How Does SNMP Work?
The snmpwalk command is a shorthand way to use multiple GETNEXT requests without having to type lots of different commands, fire off lots of different GETNEXT and view your infrastructure health. We look at some snmpwalk examples on Windows and Linux.
However, before we look at the snmpwalk command, we first need to look at how SNMP works. On SNMP-enabled devices, an SNMP agent collects information from the device and stores it within a Management Information Base (MIB) where this data is stored so that it can be accessed whenever the SNMP manager polls the SNMP agent.
When the SNMP Manager queries the SNMP agent, data is taken from the MIB and sent to the SNMP Manager where it can be viewed with a network monitoring tool. There are many different commands that you can use to query an SNMP agent. The most common ways are through the use of the GET or the GET-Next command.

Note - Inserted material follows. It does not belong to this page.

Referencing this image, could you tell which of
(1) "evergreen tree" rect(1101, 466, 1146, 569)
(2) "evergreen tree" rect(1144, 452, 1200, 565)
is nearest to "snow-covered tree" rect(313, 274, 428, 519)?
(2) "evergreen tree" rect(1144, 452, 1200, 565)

The GET command is used to take an Object Identifier (OID) from the MIB. The GET-Next command is a little more advanced and goes through a MIB tree from OID to OID pulling information. This is where snmpwalk comes in.
What is snmpwalk?
The name, snmpwalk, is given to an SNMP application that runs multiple GETNEXT requests automatically. The SNMP GETNEXT request is used to query an enabled device and take SNMP data from a device. The snmpwalk command is used because it allows the user to chain GETNEXT requests together without having to enter unique commands for each and every OID or node within a sub-tree.
The snmpwalk is issued to the root node of the sub-tree so that system information is gathered from every connected node. This provides you with an efficient way to collect information from a range of devices like routers and switches. The information you collect arrives in the form of OIDs. An OID is an object which is part of the MIB within an SNMP-enabled device.

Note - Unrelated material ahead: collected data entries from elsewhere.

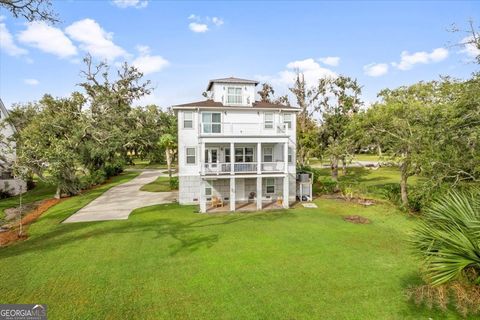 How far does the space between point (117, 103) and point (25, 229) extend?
979 inches

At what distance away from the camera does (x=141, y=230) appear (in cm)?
1500

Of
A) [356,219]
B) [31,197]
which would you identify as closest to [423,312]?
[356,219]

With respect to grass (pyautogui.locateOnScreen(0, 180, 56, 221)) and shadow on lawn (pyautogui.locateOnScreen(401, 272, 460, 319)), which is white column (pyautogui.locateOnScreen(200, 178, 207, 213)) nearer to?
grass (pyautogui.locateOnScreen(0, 180, 56, 221))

Installing snmpwalk in Windows
Windows users can get a version of snmpwalk from EZ5 Systems.
- Download a zip file from https://ezfive.com/snmpsoft-tools/snmp-walk/
- Unzip the README and executable file into an easy-to-reach location, such as your Desktop
- Locate the README file and open it with Notepad. This file shows the parameters for the command.
- Type cmd in the Start search bar and select Command Prompt – Run as Administrator
While the Linux command is snmpwalk, this version for Windows is capitalized as SnmpWalk. However, don’t worry about capitalization when running the program in Windows because the system is not case sensitive. You will see examples of usage that specifies the command SnmpWalk.exe. However, you don’t need to type the .exe part.
Parameters and Options for snmpwalk in Windows
The SnmpWalk command runs in a Command Prompt window and it has its own parameter invoking format. The takes the form of a dash, an identifier, a colon, and then a value. For example, -r:192.168.2.1 gives the IP address of a device to query. Some variables are switches and don’t need a value.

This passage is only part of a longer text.